February 1, 2019 / 2:26 PM / 3 months ago

Breakingviews - Deutsche Bank reprieve is only temporary

Christian Sewing, new CEO of Germany's Deutsche Bank, addresses the audience during the bank's annual meeting in Frankfurt, Germany, May 24, 2018. REUTERS/Kai Pfaffenbach

LONDON (Reuters Breakingviews) - Deutsche Bank is not dying, judging by its 2018 results. But nor is the lender rising from the sick bed anytime soon. Its first net profit in four years is a welcome tonic for long-suffering shareholders. Chief Executive Christian Sewing’s planned cost cuts will, however, have to be supplemented by revenue growth if the bank is to meet a meagre 4 percent return on tangible equity target this year.

That is less than half the objective of around 10 percent objective that former boss John Cryan had targeted by 2018. The abyss into which investors’ expectations have since plunged is clearly shown by the mere 1 percent drop seen in shares on Friday after Deutsche delivered less than one-tenth of that.
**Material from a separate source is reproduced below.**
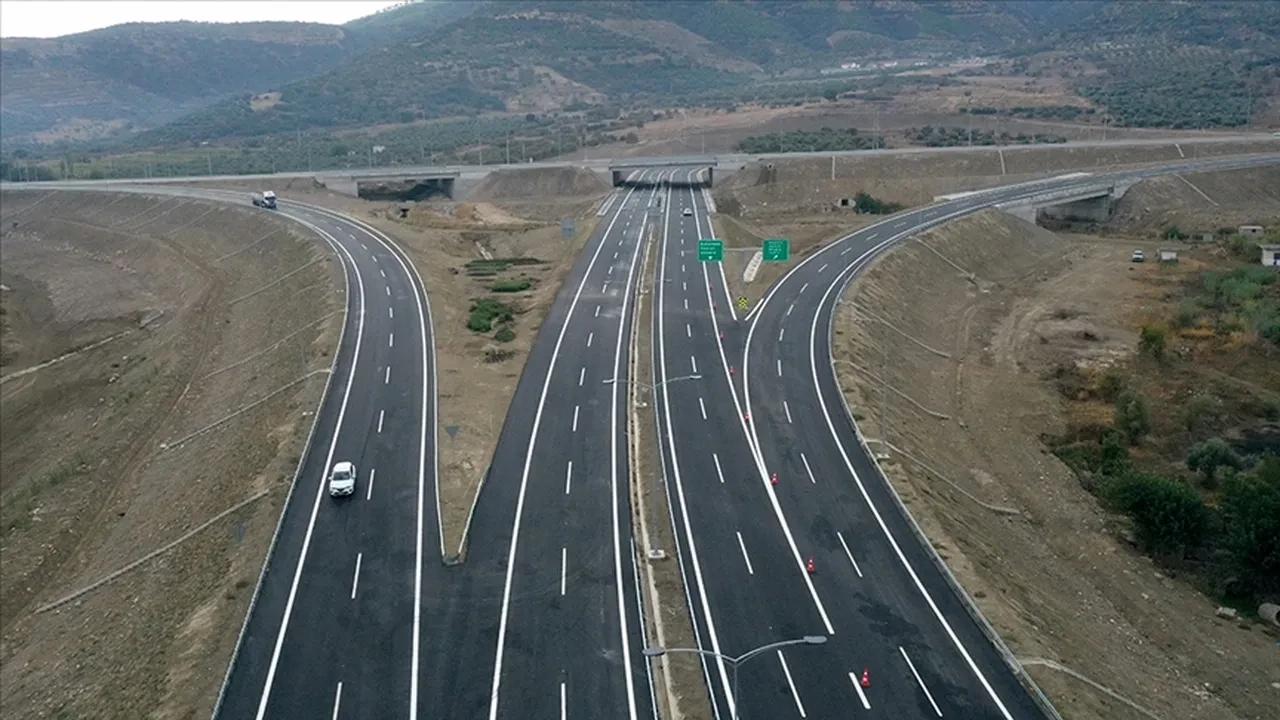 İzmir Aydın Otoyolu trafiğe kapatıldı mı, neden? Karayolları Genel Müdürlüğü'nden yazılı açıklama geldi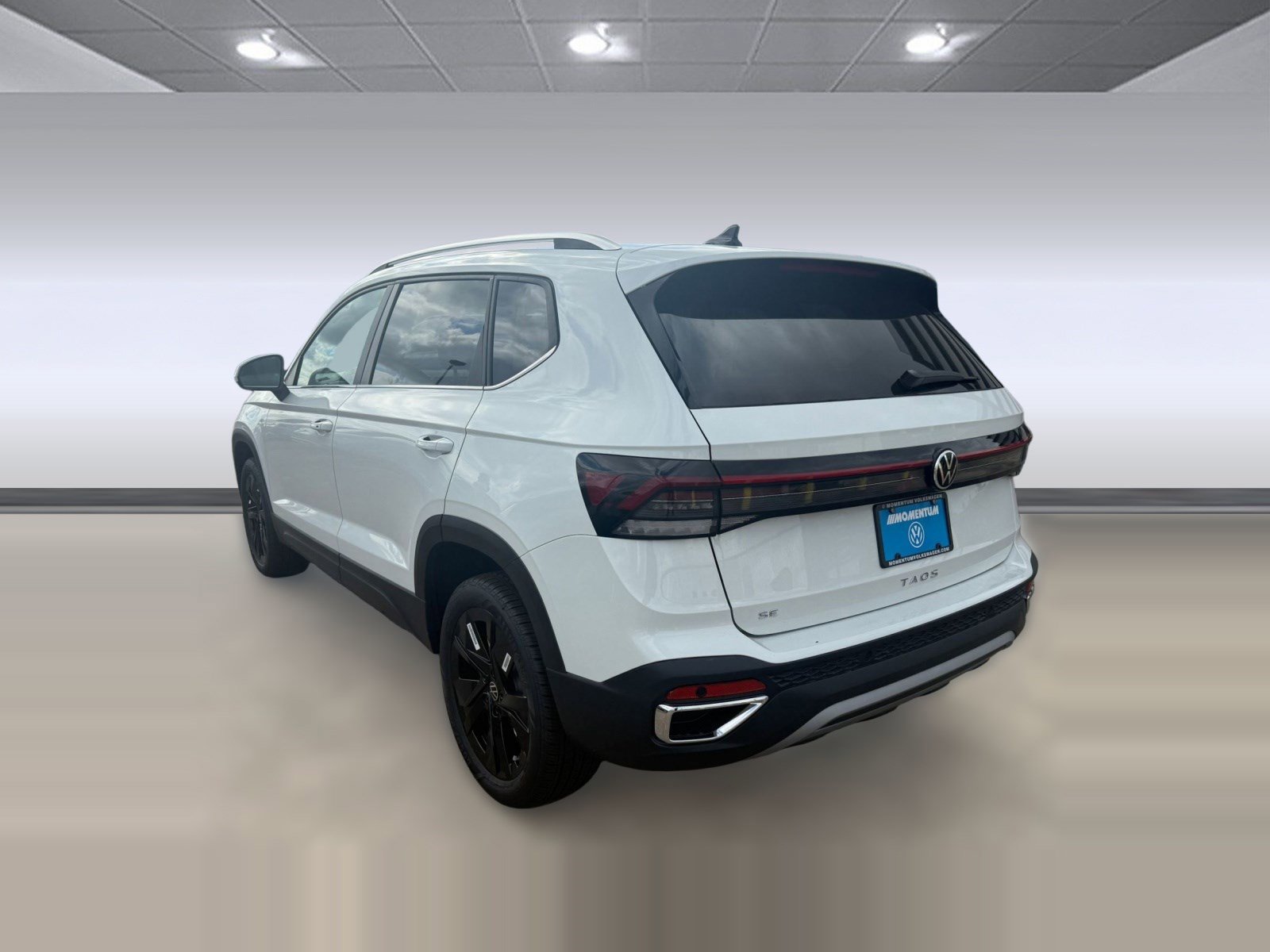 New 2026 Volkswagen Taos SE image 3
Still, CEO Sewing deserves credit for hitting, rather than simply committing to, an underlying target cost base of 23 billion euros. A surprise additional 200 million euros in savings gave him enough confidence to pledge a cost base of 21.8 billion euros by the end of 2019 rather than the 22 billion euros originally envisaged. Significantly, annual expenses fell faster than revenue – by a single percentage point – a feat which eluded his predecessors.

That helped pre-tax profit climb 8 percent from a year earlier to 1.3 billion euros and spared investors a fifth consecutive annual net loss. But Sewing can’t slice his way to greatness. Even if he hits his cost target, revenue will have to rise by around 2 percent from a year earlier if Deutsche is to meet its low-ball 4 percent ROTE 2019 aim, according to Breakingviews calculations which assume flat loan losses, a 35 percent tax rate and a tangible book value of 54 billion euros.

But growing the top line may not be easy if investment banking revenue, which accounts for nearly two-fifths of Deutsche’s total, continues its steady decline. Trading revenue at the lender’s fixed-income franchise fell by 23 percent in the fourth quarter compared with the previous year, underperforming US peers.

Optimists might argue that shares trading at a bombed-out 70 percent discount to tangible book value represent a buying opportunity. But Deutsche failed to grow revenue for the third consecutive year in 2018. Sewing may have stemmed the bleeding but that doesn’t mean Deutsche is leaving the recovery ward anytime soon.